Viel mehr ist da aber nicht an linearer Handlung. Der Autor hat über diese Episoden nämlich eine feine Gaze gelegt, sodass die Leser die nebulösen Leerstellen individuell auffüllen können. Damit bietet dieser Text Raum für eigene Lesarten und Interpretationen.
«Ein Buch lesen mitten im Kinderlärm ist ein Ding der Unmöglichkeit. Ach!, diese kleinen Teufel, die bei Tisch immer nur ihre Gläser umkippen.» In dieser Art räsoniert der Erzähler. Daraus liesse sich ableiten, dass hier ein Getriebener auf der Suche nach Ruhe ist. Dieser will sich nach dem Essen etwas hinlegen, aber da liegt schon eine fremde Frau im Bett.
Die Sprache ist die Hauptdarstellerin
Ja, vieles in Littells Buch ist geheimnisvoll. Es läuft dieser Figur nicht rund, die sich halb tagträumerisch halb, nachtwandlerisch durch verstörende Episoden bewegt. Man könnte diesem Text das Etikett «surrealistisch» verpassen und sich in Unmut darüber ergehen, dass Littell so viele Fragezeichen in diese kurze Geschichte eingebaut hat.
Aber dies spielt unter dem Strich überhaupt keine Rolle. Denn «In Stücken» ist vor allem Form, oder präziser: ein bewundernswertes Sprachfest. Littell spielt virtuos mit Attributen. Er jongliert so betörend mit Eigenschaftswörtern, dass man nicht aus dem Staunen heraus kommt.
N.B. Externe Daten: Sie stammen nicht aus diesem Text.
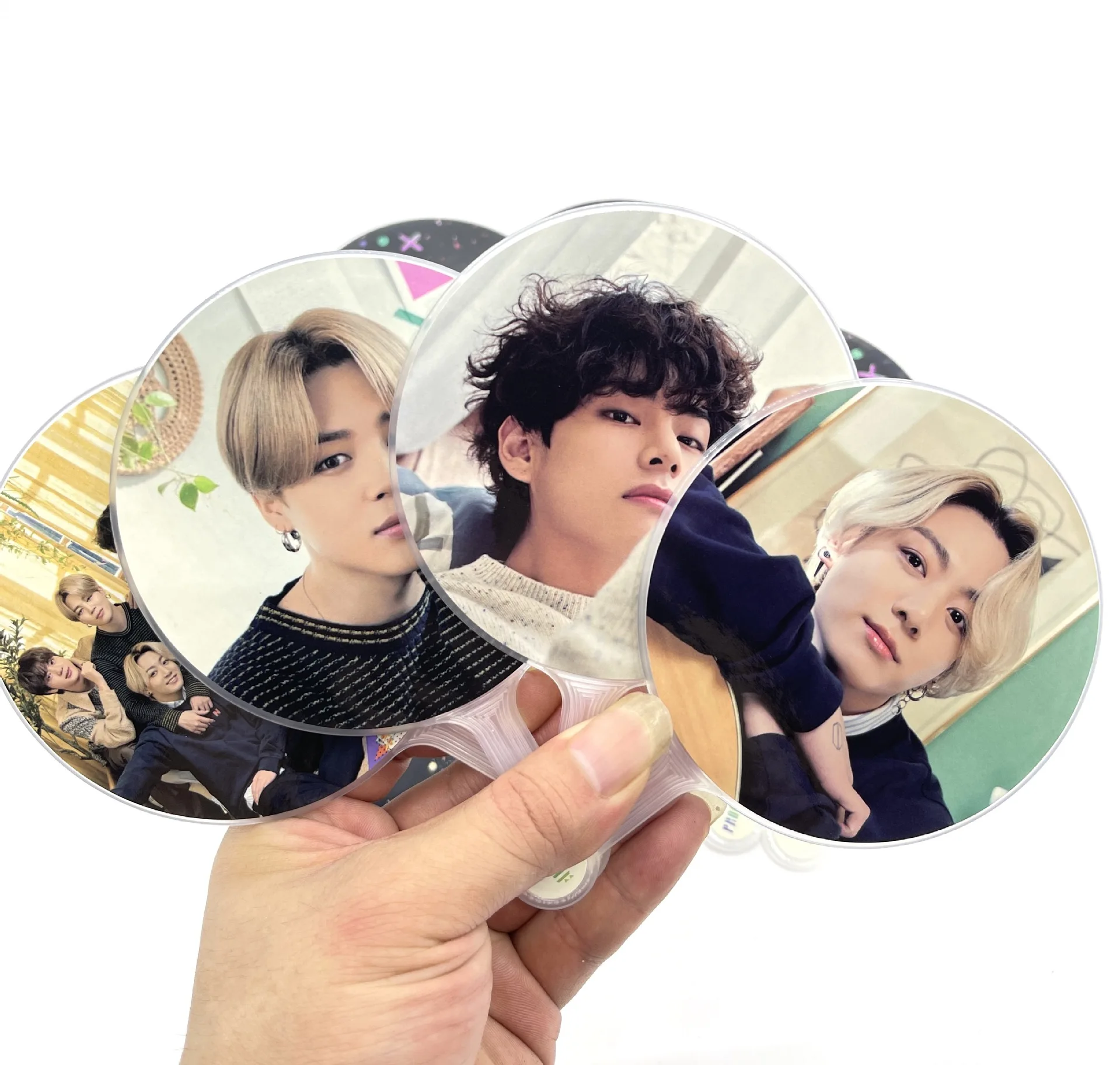 Custom Kpop Mini Picket Transparent Hand Fan | PVC Plastic Mini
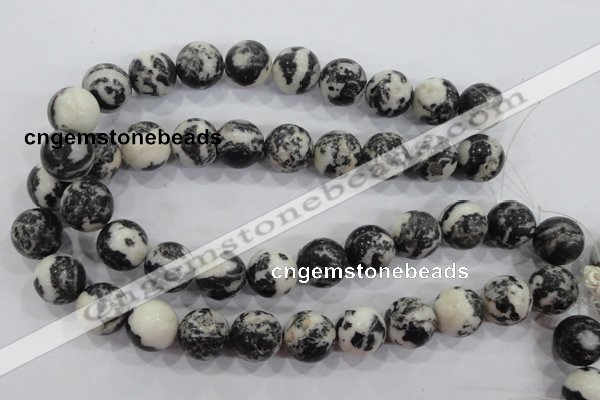 CZJ208 15.5 inches 18mm round black & white zebra jasper beads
In diesem schmalen Werk ist also die Sprache die Hauptdarstellerin. Der Text spricht für sich selbst. Er ist so sprachgesättigt, dass man auf der Bedeutungsebene nichts vermisst. Die fein ziselierte Artikulation Jonathan Littells wirkt im positiven Sinn irritierend.
Ähnlichkeiten mit dem Maler Francis Bacon
Dieses literarische Kleinod korrespondiert auf überraschende Weise mit dem Werk des irischen Malers Francis Bacon. In dessen Bildern fehlt oft auch der Fluchtpunkt, und die dargestellten Figuren scheinen sich in einem anderen Zeit-Raum-Koordinatensystem zu befinden. Bei Bacon wie bei Littell ist das Dargestellte seltsam ungreifbar.
So hält es auch Jonathan Littell in seinem labyrinthischen Mikroroman: Das Rätselhafte hält das Interesse wach. Diese Prosa ist so überreich an einzigartigen Bildern, die wir mit Staunen wie durch eine Milchglasscheibe hindurch betrachten. Und das ist schlicht betörend.